Ian Thorpe released a new book on his life in October. Does anyone care?
In 2012, at 29 years old, Thorpe failed to make the Australian Olympic Team. A thorough biography of his life and career was completed in 2004 by Greg Hunter, so what’s left to learn?
Is the fact that only one-hundredth of a second at the height of the ‘plastic suit era’ all that separates the Thorpedo from retaining the oldest long course world record in the books enticing enough to take another look at him? You might consider that he did lower the world record five times in the 400-meter freestyle (long course) and then years later his 3:40.08 400-meter freestyle from 2002 the second fastest swim of all time.

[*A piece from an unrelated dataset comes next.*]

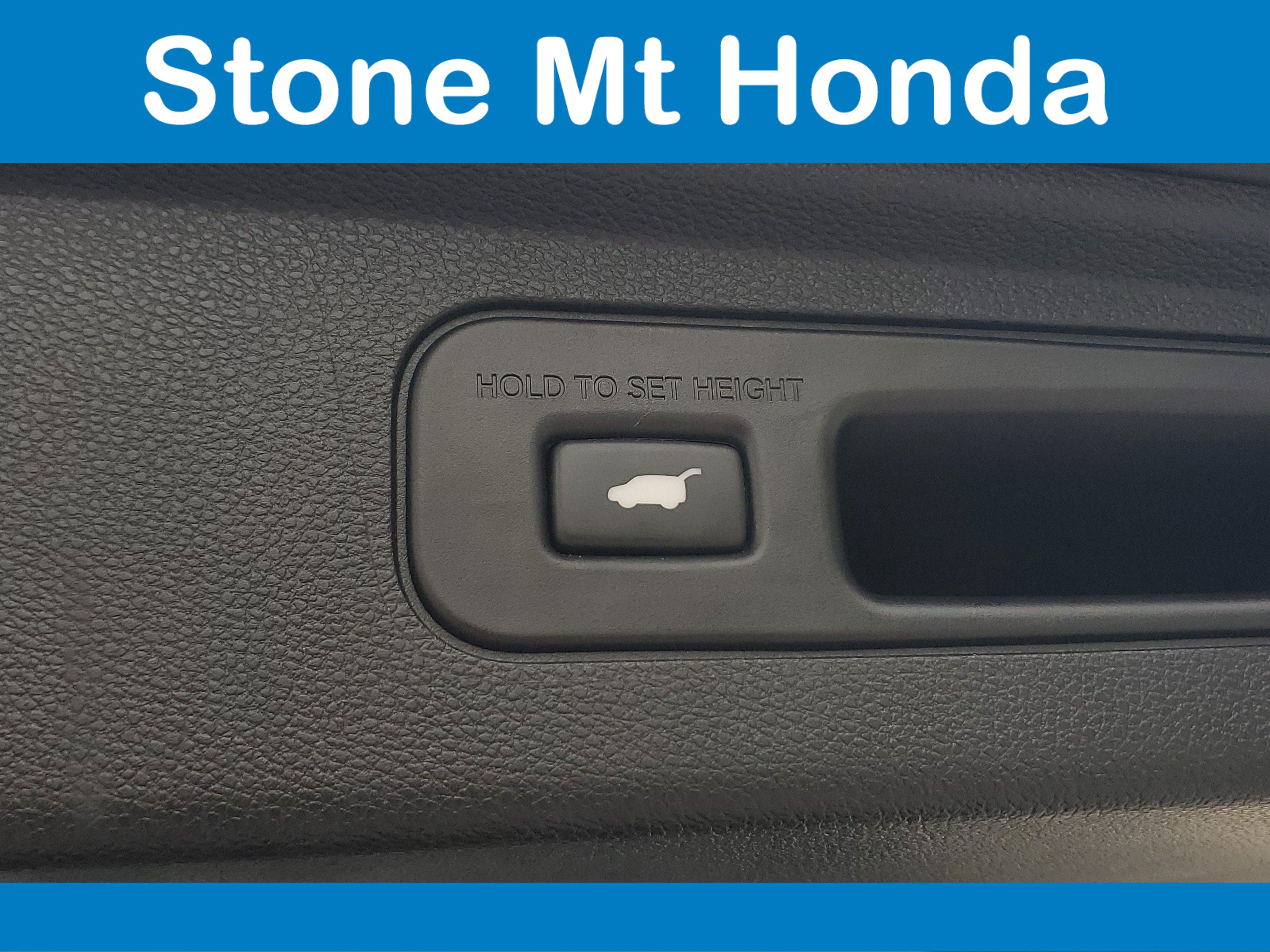 2019 Honda Odyssey Touring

His new book has not climbed the New York Times Best Seller list, but unless you just won eight gold medals at the Olympics it’s unlikely a swimming book will. Swimming coaches, swimmers and parents often tend to see the latest trend and leap to it, and Ian Thorpe is not a latest trend.
USA Olympic Coach Eddie Reese tells a story about trends when he was growing up swimming on the east coast of Florida. Everyone was hearing about a new way to swim backstroke with a bent arm. A fast local swimmer bent his arm on the recovery, so all over the Daytona Beach area coaches taught their swimmers to bend their arms over their heads on their recovery, hoping to gain the advantage of this new, allegedly improved style. Then, they learned the bent arm was really effective when it was underwater not on the recovery. Whoops!

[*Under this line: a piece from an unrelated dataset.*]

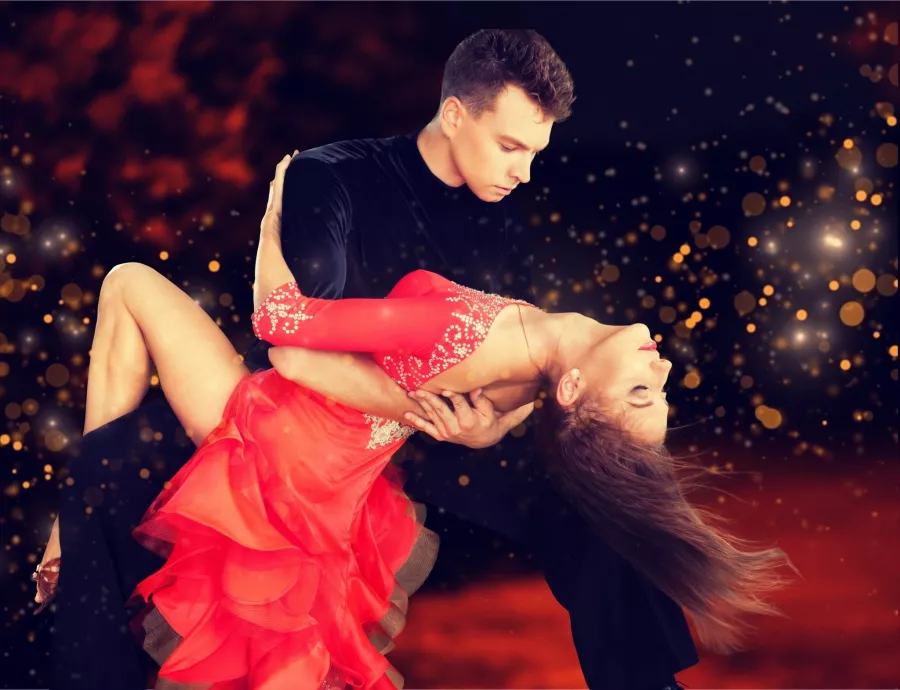 Школа танцев Salsarte Dubai в Дубаи: Хореография, Dance, Танцы, Choreography, Школа танцев, Сальса,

History─even recent history─gives us lessons to learn from so we can make better choices today. Parents, coaches and swimmers all have much to learn from history and most certainly from the career of Ian Thorpe, although possibly not over 300 pages.
Like Michael Phelps, Ian had an older sister that was a great swimmer. Christina Thorpe was a world class distance swimmer, a great training partner for Ian growing up and helped mold the family life around being consistent attending practice and concentrating on swimming.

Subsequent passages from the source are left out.